Kernel (computing)

A kernel (english [ kɝ nəl ː ] translates core ), and the operating system kernel ( or shortened kernel ), is the central part of an operating system. In it, the process and data organization is determined on the build all other parts of the software of the operating system. He is the lowest software layer of the system and has direct access to the hardware. The design of an operating system kernel belongs to the field of computer science and software engineering.

Common requirements for a system kernels are parallel processing of different tasks (multitasking), compliance with time-critical boundaries, openness to diverse applications and extensions.

Non- kernel-related parts are called userland.

Components

A kernel is in layers ( or layer, see layer architecture ) built with the lower ( machine-oriented ) layers form the basis for the overlying. The upper layers, functions of the lower layers call, but not vice versa.

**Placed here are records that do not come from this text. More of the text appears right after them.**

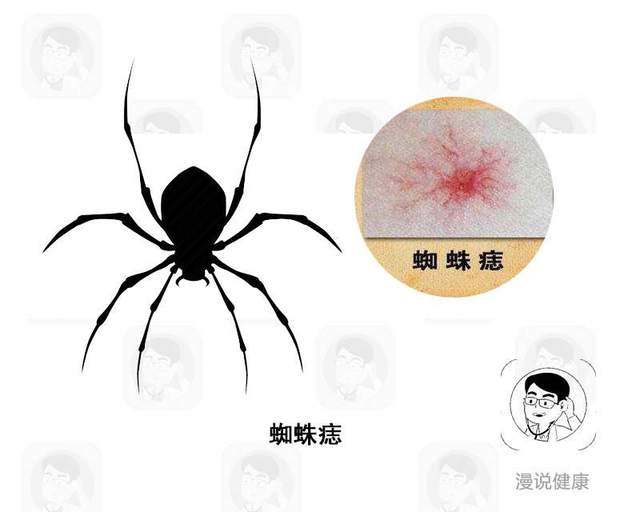 疾病|体内有癌，四肢先知？四肢出现4个迹象，最好去医院检查一下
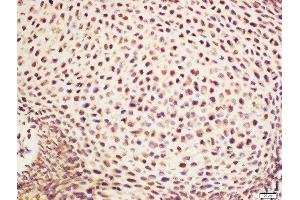 anti-NADH Dehydrogenase (Ubiquinone) 1 alpha Subcomplex, 1, 7.5kDa (NDUFA1) (AA 31-70) antibody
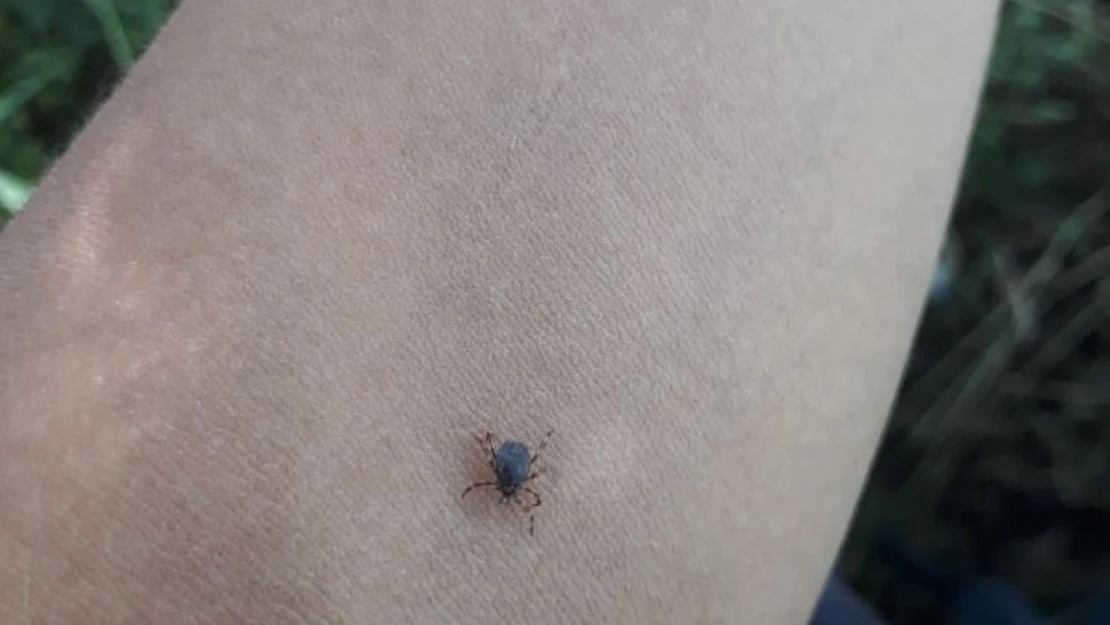 Kene çıkarırken yapılan hatalar Bunları yapmayın!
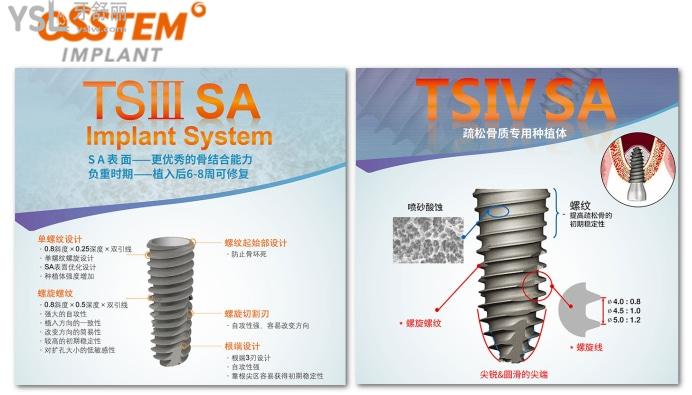 韩国OSSTEM奥齿泰种植体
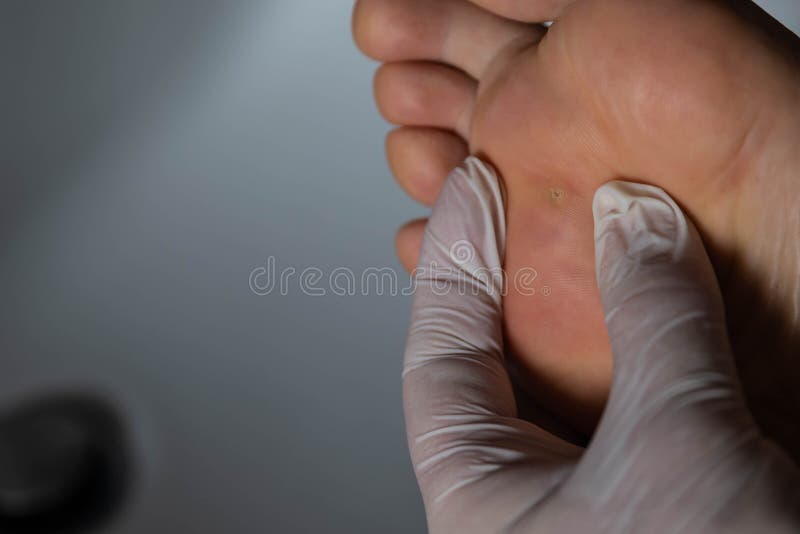 Close up shot of a warty Caucasian man`s foot.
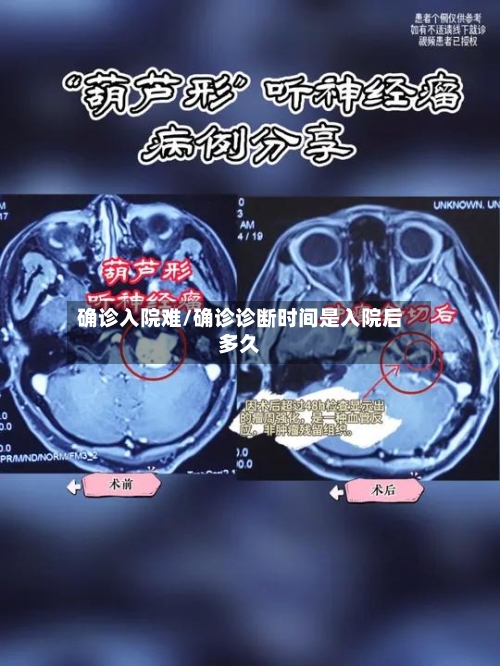 确诊入院难/确诊诊断时间是入院后多久-第3张图片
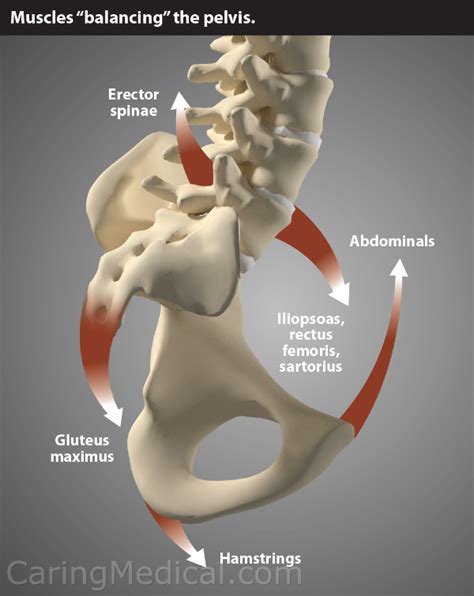 The muscles of the lower back, including the erector spinae and quadratus lumborum muscles, contract to extend and laterally bend the vertebral column. Understanding and treating pelvic incidence-lumbar lordosis mismatch - Muscle spasms and low ...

The following layers are present (from bottom to top):

• Interface to the hardware (devices, memory, processors)
• Memory management (possibly including virtual memory)
• (Also called scheduler) process management
• (Also known as Device Management) device management
• File Systems

If all of these functions are integrated in the kernel itself, it is called a monolithic kernel. In a microkernel are held essential parts in separate processes. In addition, or between the two lying, there is the so-called hybrid kernel.

In any case, running outside the kernel, the application programs that use the functions provided by the kernel to communicate with the machine.

Tasks of the operating system kernel

An operating system kernel has the following tasks:

• Interface to user programs ( Start, Stop, Ein-/Ausgabe, memory access )
• Controlling access to the processor, devices, memory ( scheduler, device drivers, memory protection ). If possible, the sole access of the kernel on these resources.
• Distribution of resources, such as processor time (s) (or processors) to the user programs
• Structuring of resources, including mapping of file systems on block-oriented devices such as hard disk drives, network protocol stack on network cards.
• Resolution of access conflicts, such as locking in multi-processor systems, queuing for scarce resources
• Virtualization of resources ( processor: Processes, Hard drive: files, network card: such as sockets, memory: virtual memory, device: special files )
• Monitoring of access rights to files and devices in multi- user systems

Processes

To realize the concept of an operating system of the process ( task) is often used. A process contains (at least) a register set of the processor and can be stopped and restarted using the scheduler. Each process has controlled access to a portion of memory as well as input and output channels that access to files or devices. With the operating system kernel communicate via system calls. A program usually runs in exactly one, in exceptional cases, in multiple processes. Also, some system services run in-process.

Start

When starting a computer the kernel is loaded and run in the memory after a possible hardware check and a partial device initialization. It initializes the device completely and starts the first process. In simple systems such as MS- DOS is a command line interpreter, for multi- process systems, a specific process (for Unix-like init), which loads the system services ( as processes ) and again, possibly graphic by entering a name and password, one or more command interpreter or a user starts as processes. He then takes over with the help of system calls to start / stop of additional processes ( user programs ) and the allocation of memory and Ein-/Ausgabekanälen to the individual processes.

Kernel types

Can run on a kernel multiple processes simultaneously, it is called multi-tasking kernels. In reality, however, by the CPU, only one process is treated simultaneously (except for multi-core systems ). The exchange controls in most cases the scheduler. If a multitasking kernel complemented by an access management to processes and devices, you get a multi-user (or multi-user ) system. Then, multiple users can work simultaneously. Each user has to log in ( authentication). The kernel divides each process to a user, a user can have multiple processes. Depending on the user process rights are restricted. The kernel is responsible for the separation of the processes, and thus the user.

Although today's desktop systems are typically used only by one user at a time, they are designed as a multiuser system. For one, then multiple users can use their own authority and the system preferences and on the other there is the possibility that another performs next to the user who uses the computer directly from another computer from other programs. In addition, the system services are started under anonymous users. Each system service and each user can be given its own limited access rights in which are necessary for the operations, so that the system reliability increases dramatically.

Trivia

When Commodore of the kernel for a long time " Kernal " said. Rumor has resulted in the of a typo in the manuals for the Commodore computers, which was then unceremoniously told by Commodore as a separate term for the kernel and later reinterpreted as Backronym: "Keyboard Entry Read, Network, And Link ".